● DIRECTIONS FOR THIS TASK: The required output is a copy of each line in the material below that includes "Hello".

● DATASET RECORDS:
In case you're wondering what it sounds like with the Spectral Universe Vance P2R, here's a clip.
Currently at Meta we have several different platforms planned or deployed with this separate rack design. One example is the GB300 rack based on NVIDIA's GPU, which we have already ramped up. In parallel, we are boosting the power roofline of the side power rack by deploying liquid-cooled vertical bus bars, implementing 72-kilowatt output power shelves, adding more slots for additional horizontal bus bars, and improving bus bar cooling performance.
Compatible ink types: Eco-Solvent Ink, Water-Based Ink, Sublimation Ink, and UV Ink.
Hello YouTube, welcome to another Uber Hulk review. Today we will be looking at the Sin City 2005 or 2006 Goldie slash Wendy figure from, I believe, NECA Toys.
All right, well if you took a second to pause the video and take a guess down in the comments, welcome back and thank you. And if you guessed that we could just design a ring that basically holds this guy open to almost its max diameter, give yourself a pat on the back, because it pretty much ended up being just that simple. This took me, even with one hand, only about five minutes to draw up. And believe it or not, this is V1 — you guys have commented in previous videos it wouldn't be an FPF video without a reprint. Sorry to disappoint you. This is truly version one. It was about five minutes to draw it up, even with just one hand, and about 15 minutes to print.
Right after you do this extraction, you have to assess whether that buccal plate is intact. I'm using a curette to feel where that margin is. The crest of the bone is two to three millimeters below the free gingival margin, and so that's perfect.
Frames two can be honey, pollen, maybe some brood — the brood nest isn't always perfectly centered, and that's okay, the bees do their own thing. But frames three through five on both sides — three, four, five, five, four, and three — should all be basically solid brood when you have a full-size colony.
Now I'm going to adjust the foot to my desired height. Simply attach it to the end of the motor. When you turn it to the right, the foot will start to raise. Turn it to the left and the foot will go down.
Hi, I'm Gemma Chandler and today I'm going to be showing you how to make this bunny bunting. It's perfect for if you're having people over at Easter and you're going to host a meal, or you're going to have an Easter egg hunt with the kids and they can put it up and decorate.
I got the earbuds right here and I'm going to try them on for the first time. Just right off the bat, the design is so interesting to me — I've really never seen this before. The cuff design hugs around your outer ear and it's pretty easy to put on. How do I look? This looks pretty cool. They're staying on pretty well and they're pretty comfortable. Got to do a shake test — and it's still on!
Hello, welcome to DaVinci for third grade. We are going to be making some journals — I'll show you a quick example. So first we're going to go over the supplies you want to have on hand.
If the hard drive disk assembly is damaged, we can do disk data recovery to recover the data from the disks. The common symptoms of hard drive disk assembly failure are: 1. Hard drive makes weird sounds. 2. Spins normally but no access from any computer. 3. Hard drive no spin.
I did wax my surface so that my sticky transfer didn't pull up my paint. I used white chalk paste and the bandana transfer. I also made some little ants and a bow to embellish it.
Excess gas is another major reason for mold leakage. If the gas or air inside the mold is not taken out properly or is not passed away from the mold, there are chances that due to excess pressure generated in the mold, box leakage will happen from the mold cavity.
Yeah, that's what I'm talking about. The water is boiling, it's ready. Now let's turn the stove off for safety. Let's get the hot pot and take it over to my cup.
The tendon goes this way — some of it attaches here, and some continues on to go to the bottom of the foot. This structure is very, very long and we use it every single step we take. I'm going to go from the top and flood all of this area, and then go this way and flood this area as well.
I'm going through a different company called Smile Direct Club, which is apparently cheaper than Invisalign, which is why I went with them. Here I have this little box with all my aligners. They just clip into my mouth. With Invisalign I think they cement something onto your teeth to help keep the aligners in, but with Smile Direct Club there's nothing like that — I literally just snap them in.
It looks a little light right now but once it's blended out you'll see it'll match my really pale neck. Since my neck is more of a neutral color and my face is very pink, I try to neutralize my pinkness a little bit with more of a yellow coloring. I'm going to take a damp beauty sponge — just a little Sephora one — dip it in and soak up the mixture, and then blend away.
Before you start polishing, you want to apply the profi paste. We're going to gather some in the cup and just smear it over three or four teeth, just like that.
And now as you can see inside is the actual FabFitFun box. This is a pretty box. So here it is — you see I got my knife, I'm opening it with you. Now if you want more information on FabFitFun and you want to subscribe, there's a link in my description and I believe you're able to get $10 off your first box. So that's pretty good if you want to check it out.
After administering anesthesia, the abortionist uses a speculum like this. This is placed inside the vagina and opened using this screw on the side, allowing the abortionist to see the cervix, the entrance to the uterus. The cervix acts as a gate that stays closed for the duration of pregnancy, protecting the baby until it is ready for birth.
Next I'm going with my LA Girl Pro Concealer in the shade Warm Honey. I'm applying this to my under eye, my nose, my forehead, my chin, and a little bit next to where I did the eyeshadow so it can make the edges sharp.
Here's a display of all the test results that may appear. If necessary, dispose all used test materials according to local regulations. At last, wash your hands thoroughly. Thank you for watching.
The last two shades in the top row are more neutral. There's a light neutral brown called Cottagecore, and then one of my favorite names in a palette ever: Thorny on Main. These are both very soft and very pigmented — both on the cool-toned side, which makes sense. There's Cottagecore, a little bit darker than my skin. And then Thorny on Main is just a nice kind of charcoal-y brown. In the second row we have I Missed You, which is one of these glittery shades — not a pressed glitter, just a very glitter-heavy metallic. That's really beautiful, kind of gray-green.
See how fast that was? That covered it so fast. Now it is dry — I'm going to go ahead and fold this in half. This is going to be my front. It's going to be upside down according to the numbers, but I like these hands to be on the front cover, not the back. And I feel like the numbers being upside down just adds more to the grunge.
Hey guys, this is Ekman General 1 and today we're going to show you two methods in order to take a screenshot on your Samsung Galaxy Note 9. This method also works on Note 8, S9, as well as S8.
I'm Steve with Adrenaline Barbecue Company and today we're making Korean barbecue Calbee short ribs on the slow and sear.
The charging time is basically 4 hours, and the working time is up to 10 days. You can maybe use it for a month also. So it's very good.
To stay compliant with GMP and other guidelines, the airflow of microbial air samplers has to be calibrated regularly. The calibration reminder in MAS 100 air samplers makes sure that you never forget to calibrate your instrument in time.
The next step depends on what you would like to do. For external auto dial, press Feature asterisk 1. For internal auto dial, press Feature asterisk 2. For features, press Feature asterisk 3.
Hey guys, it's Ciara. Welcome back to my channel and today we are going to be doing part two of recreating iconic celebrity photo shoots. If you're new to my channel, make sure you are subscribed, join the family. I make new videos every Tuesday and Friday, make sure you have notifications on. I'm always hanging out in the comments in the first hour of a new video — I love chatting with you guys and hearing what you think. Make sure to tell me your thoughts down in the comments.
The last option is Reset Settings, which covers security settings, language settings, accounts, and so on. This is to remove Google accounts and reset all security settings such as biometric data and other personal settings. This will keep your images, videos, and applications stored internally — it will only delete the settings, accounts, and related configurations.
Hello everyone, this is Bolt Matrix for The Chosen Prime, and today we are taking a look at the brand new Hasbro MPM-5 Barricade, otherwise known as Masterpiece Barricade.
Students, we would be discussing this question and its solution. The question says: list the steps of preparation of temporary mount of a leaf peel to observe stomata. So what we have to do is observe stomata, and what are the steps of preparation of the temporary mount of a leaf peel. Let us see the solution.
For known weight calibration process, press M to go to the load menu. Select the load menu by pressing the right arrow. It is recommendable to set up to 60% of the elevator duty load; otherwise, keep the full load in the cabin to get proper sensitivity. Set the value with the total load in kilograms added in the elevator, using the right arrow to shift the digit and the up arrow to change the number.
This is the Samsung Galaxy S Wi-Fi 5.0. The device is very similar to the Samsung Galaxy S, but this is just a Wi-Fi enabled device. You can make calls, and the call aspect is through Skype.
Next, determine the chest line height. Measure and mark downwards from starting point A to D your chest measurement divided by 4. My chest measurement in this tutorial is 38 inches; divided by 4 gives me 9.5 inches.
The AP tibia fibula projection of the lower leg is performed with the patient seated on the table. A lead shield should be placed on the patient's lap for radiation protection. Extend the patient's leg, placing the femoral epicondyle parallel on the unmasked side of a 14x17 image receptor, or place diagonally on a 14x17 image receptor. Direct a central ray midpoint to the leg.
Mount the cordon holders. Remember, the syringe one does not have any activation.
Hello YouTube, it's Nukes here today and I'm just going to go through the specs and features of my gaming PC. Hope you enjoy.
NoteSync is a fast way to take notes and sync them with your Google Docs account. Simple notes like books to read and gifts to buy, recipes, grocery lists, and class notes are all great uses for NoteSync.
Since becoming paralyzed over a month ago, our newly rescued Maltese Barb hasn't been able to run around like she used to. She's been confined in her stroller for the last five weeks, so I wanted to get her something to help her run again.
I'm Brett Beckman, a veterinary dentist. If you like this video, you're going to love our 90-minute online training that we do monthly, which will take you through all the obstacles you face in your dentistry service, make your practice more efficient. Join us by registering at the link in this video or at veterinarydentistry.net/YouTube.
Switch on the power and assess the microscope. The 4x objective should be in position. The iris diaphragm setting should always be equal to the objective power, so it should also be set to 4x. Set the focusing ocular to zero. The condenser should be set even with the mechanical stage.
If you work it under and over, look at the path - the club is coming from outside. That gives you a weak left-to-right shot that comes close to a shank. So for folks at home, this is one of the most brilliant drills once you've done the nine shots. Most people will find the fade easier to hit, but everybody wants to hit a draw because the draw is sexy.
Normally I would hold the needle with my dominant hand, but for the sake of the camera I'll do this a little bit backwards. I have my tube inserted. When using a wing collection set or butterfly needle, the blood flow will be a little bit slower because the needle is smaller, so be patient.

● RESPONSE TO THIS TASK:
Hello YouTube, welcome to another Uber Hulk review. Today we will be looking at the Sin City 2005 or 2006 Goldie slash Wendy figure from, I believe, NECA Toys.
Hello, welcome to DaVinci for third grade. We are going to be making some journals — I'll show you a quick example. So first we're going to go over the supplies you want to have on hand.
Hello everyone, this is Bolt Matrix for The Chosen Prime, and today we are taking a look at the brand new Hasbro MPM-5 Barricade, otherwise known as Masterpiece Barricade.
Hello YouTube, it's Nukes here today and I'm just going to go through the specs and features of my gaming PC. Hope you enjoy.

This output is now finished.